Spain reveals deep cuts to meet deficit target
MADRID SPAIN announced deep cuts to its central government budget on Friday as it battles to convince European partners and debt markets it can rein in its budget deficit in the face of growing complaints from the public.
The government said it would make savings of 27 billion euros (22 billion pounds) for the rest of 2012 from the central government budget, equivalent to around 2.5 percent of gross domestic product.
The figure includes tax rises and spending cuts of around 15 billion euros announced in December.
The cuts come despite popular resistance - a general strike on Thursday disrupted transport, halted industry and saw some minor violence - and against a grim economic backdrop; Spain is thought to have fallen back into recession in the first quarter and has the highest unemployment rate in the European Union.
“Everyone knows the difficult problem we face in this country, and it calls for special efforts in fiscal consolidation and structural reforms to grow and create employment,” Deputy Prime Minister Soraya Saenz de Santamaria said after the weekly cabinet meeting.
The centre-right government, which swept to power in November with the largest parliamentary majority in 30 years, has already passed labour market and banking sector reforms that it says can improve competitiveness and reduce wage costs.
EU partners have agreed to let Prime Minister Mariano Rajoy aim for a total 2012 deficit at 5.3 percent of gross domestic product, a less demanding goal than the 4.4 percent originally suggested but substantially less than last year’s 8.5 percent.
Speaking in Copenhagen after an EU ministerial meeting, Spanish Economy Minister Luis de Guindos said the measures would be implemented as soon as possible, adding that any suggestions that Madrid needed emergency international funds were “absurd”.
Spain is trying to assure its EU partners that it is in control of slashing its deficit and to avoid needing a bailout package like that of smaller neighbour Portugal. “What comforts markets are domestic policies.
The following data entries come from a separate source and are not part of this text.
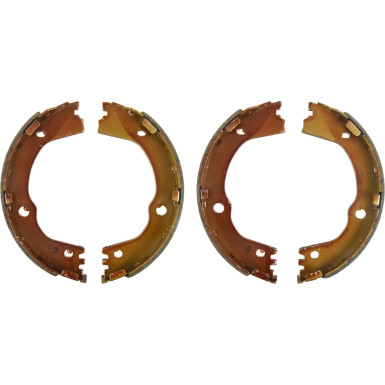 FEBI BILSTEIN 181587 Bremsbackensatz, Feststellbremse FEBI BILSTEIN 181587 Bremsbackensatz, Feststellbremse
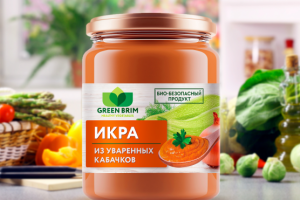 Дизайн этикетки супов и закусок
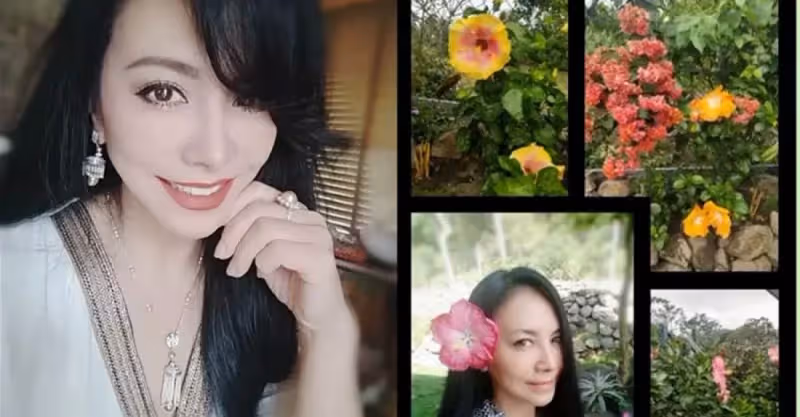 「隱居台東！」54歲田麗「樂當農夫」卸明星光環親種80顆桔子樹「自己蓋屋養老」活了54年感嘆：終於做回自己了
If we don’t do what is needed, then there will be no rescue fund that is big enough,” de Guindos said.
Finance ministers agreed on Friday to increase a financial firewall to 700 billion euros to ward off fears the euro zone debt crisis could spill over to Spain or Italy, much larger economies than those bailed out previously.
The Spanish government said it was aiming for a central government deficit equivalent of 3.5 percent of GDP, a deficit of 1.5 percent of GDP coming from Spain’s regions and a balanced social security budget. Smaller local authorities expect a deficit equivalent to 0.3 percent of GDP.
The regions announced a deficit of 2.9 percent of GDP in 2011, meaning they would have to cut around 15 billion euros to meet the 2012 target.